Matt, for his part, is equally earnest, but in a way that more closely resembles a sad puppy than his more popular brother's attempt at blacklight poster profundity. Notoriously, when Matt Hardy's real-life friend and onscreen rival, Edge, ran off with his long-term girlfriend, hall of famer Lita, Matt was fired even though he was basically a hapless bystander in the situation. Edge was on the verge of breaking out as an iconic star and Lita already was; they were untouchable, even though the backstage code demanded a sacrifice. Matt got his job back shortly thereafter when fans freaked out about it and, more importantly, when he inexplicably offered to turn the messy real life love triangle into a wrestling angle. Vince McMahon was keen on it, Edge became a superstar by way of one of the most uncomfortable storylines of the modern era, and Matt maintained his midcard status. He was let go in 2010, whereupon he returned to his indie roots.
All of this serves as prelude to the inexplicable: the Hardys are currently feuding, and it is arguably the most entertaining and archly ironic feud of the past few years. More inexplicable is that they're doing it in TNA, wrestling's dumping ground for both hope and wrestlers who have outlived their usefulness to WWE. On July 5, they're going to carry that feud over into a backyard match in their tiny hometown of Cameron, NC. Fireworks will be involved.
The feud started in standard brother-versus-brother fashion.

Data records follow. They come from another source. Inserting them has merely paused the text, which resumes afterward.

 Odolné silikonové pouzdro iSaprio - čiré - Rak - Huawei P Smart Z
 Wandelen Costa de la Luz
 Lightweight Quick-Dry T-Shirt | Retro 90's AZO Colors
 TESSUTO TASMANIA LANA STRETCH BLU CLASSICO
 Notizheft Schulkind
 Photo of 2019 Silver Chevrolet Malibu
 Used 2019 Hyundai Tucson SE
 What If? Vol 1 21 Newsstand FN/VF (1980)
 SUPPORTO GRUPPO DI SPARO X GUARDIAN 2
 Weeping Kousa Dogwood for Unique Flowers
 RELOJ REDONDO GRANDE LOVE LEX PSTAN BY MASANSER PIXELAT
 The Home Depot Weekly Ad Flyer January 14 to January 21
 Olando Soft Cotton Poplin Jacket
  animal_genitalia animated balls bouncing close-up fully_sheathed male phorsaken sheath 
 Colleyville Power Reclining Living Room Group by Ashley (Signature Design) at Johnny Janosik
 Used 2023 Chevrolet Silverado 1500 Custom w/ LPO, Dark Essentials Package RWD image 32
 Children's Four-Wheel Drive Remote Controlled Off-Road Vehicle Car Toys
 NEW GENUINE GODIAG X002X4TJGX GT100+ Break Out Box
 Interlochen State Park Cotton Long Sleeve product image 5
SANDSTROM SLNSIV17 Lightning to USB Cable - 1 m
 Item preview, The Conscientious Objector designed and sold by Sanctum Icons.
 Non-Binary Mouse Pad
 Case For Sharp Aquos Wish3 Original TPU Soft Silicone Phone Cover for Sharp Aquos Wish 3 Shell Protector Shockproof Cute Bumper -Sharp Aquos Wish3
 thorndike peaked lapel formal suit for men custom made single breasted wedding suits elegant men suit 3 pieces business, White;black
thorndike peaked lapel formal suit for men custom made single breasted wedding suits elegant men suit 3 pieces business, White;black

Matt, long overshadowed by Jeff, was, in his words, "broken" by him during a feud which saw Matt slowly losing his mind. Matt showed up dressed as Willow—a move rife with symbolism, since the character represents something or other in Jeff's psyche—and choked Jeff out. In the process, he revealed his new motif: giant poofy hair combined with a terrible and faintly Dinklage-esque accent from some unplaceable corner of Fantasy Europe.
A contract signing was set up at Matt Hardy's real life home and the video package is the out-of-ring wrestling moment of the year. It features dirt bikes, an argument over toys, sweeping music, a table bump on precisely the worst table to use, and a baby being thrown through the air. It's the pro wrestling equivalent of an especially beautiful B-movie.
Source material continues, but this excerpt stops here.